WHAT TO DO:
Every line holding the string "Nissan" is to be copied from the entries below.

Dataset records
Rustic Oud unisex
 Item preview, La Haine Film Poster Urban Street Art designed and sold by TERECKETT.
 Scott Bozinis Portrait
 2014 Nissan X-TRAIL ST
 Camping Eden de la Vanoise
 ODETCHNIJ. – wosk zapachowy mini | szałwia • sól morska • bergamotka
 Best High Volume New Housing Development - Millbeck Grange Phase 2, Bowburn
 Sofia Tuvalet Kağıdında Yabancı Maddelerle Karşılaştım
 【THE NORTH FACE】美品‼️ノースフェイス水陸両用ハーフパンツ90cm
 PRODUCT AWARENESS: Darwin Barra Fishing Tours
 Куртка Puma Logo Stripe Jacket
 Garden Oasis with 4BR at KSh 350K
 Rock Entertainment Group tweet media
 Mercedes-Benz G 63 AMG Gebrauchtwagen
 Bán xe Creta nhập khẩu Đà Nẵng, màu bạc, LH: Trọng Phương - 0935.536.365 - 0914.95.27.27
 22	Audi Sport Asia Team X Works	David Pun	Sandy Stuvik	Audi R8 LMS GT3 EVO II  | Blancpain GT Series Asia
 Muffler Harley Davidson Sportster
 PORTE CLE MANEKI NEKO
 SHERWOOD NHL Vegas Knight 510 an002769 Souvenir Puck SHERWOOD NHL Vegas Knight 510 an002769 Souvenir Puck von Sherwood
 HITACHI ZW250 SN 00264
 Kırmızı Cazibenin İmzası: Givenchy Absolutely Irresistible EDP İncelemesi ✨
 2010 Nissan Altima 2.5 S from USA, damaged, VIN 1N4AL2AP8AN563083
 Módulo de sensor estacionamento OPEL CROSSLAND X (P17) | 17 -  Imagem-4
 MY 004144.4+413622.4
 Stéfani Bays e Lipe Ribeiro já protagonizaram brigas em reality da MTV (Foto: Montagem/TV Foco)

ANSWER TO THIS EXERCISE:
 2014 Nissan X-TRAIL ST
 2010 Nissan Altima 2.5 S from USA, damaged, VIN 1N4AL2AP8AN563083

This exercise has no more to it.